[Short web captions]
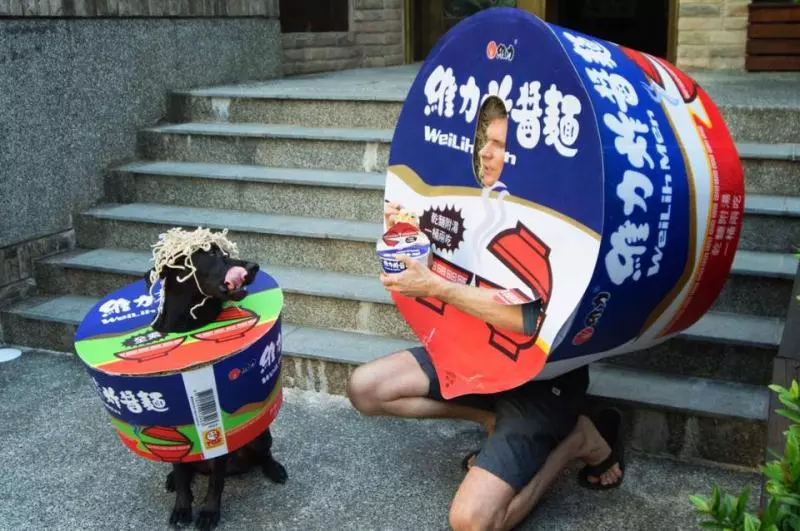 萬聖節最香裝扮在這! 米克斯和把拔合體扮炸醬麵「拆封后超有梗」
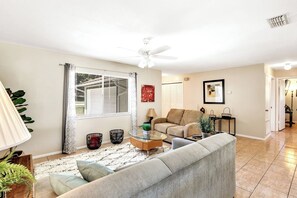 TV connectée, jeux vidéo, table de tennis de table, livres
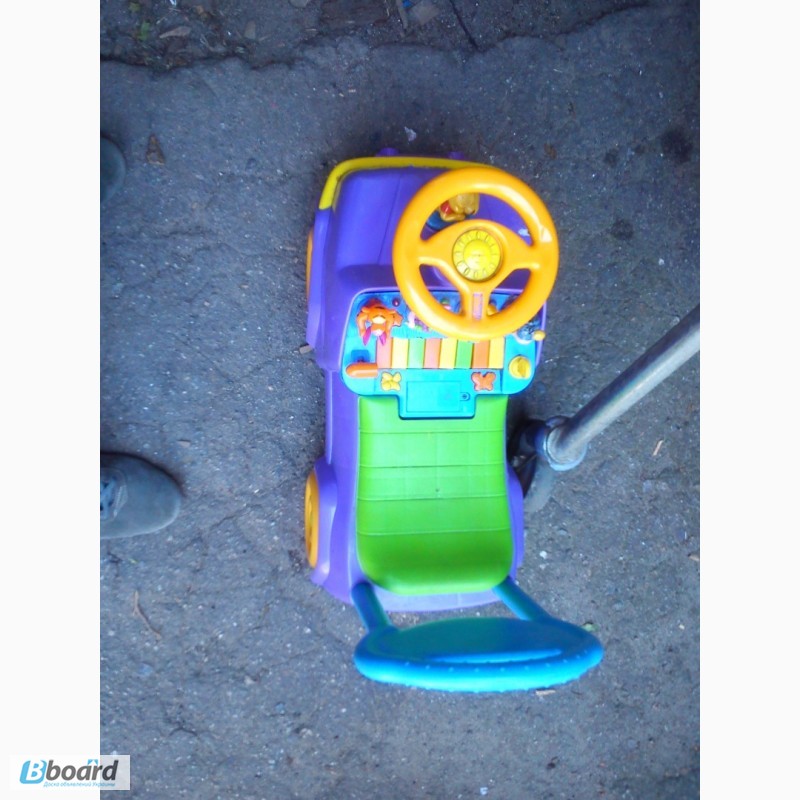 Детская машинка-толкач с электроникой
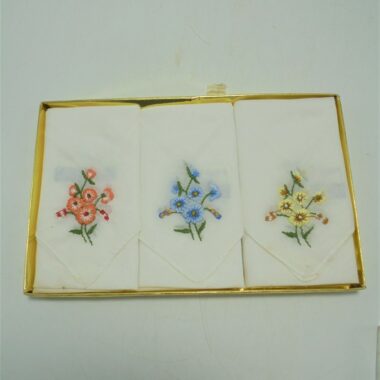 trio de mouchoirs vintage neufs decor floral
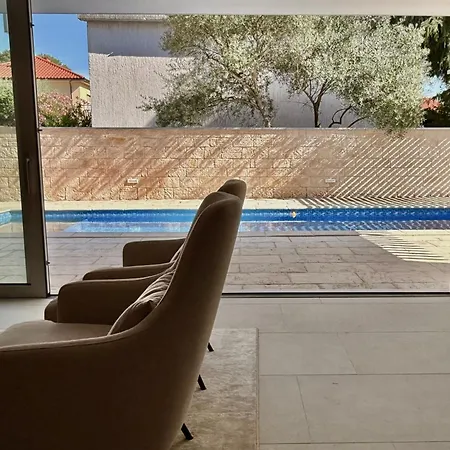 Aurea With Private Pool And Garden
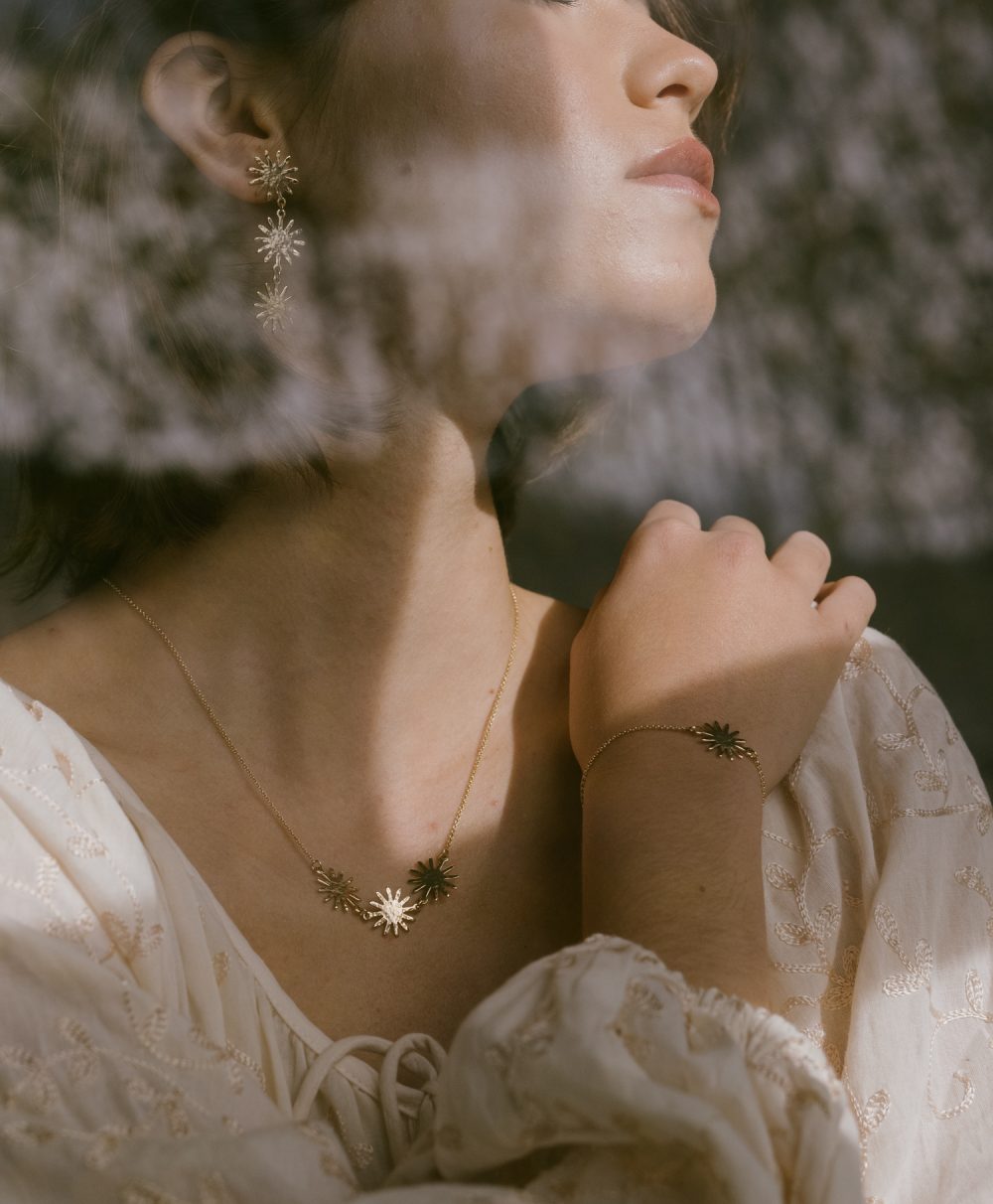 Conjunto collar pendientes y pulsera sol dorado Amanecer y Alba de Fauna y Flora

**WHAT IS EXPECTED**
Return each record exactly as given, excluding any image.

**RESPONSE BOX**
 萬聖節最香裝扮在這! 米克斯和把拔合體扮炸醬麵「拆封后超有梗」
 TV connectée, jeux vidéo, table de tennis de table, livres
 Детская машинка-толкач с электроникой
 trio de mouchoirs vintage neufs decor floral
 Aurea With Private Pool And Garden
 Conjunto collar pendientes y pulsera sol dorado Amanecer y Alba de Fauna y Flora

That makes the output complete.